Thursday, September 22, 2005

Waiting for the "National Agenda"

Whereas the press is taking a lot of interest in the National agenda and is speculating about it's outcome, interest in the street is minimal. I suppose that most people are waiting for a new long-winded report that is full of vague generalities and few specifics (such as the "Jordan First" document, which was largely ignored).

A committee has been set up by Royal Decree to set a "National Agenda" for the next ten years. This committee has metastasized into a large number of subcommittees covering the economy, the political process, higher education, infrastructure and so forth. While we wait for the report, speculation is swirling about the fate of the government and the parliament, which also seem to be in the balance.

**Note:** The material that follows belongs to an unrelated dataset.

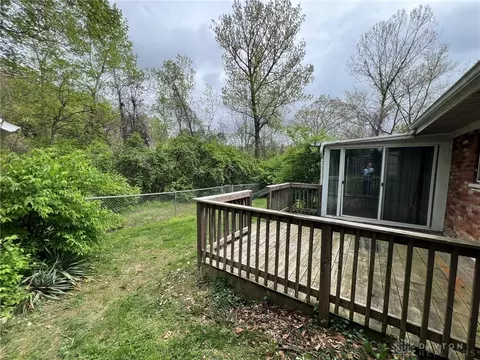 Exterior - 5565 Ehrling Rd, Cincinnati, OH 45227 photo 7 of 8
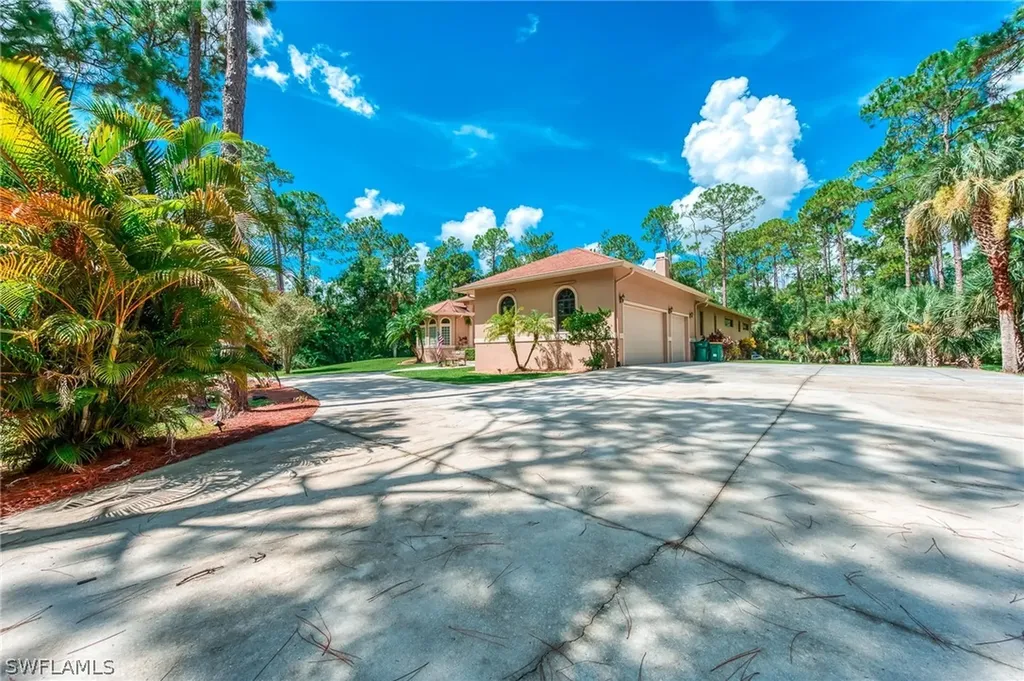 491 3rd Street SW Naples FL 34117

My feeling is that Jordanians are suffering "political fatigue". A new survey shows that people are pretty much happy with the one-man one vote formula, and that they are interested in more bread and butter issues. This is shown by the interest in solving the problem of corruption. Basically, corruption means that people are not interested in policy, and I suspect that they have been convinced that the current government economic policies are the only reasonable ones. Thus, if the policy is OK, then the problem must be that corruption is negating the effects of the policy. Alternate economic policies are really not being seriously debated. I can't imagine why people are so interested in democracy if they are no substantive policy debates, especially when speaking of economic policy. On what basis will people choose their government?

I would guess that almost anybody who would form a new government would get the same reaction. Nobody cares any more. We have apathy even before the first vote is cast.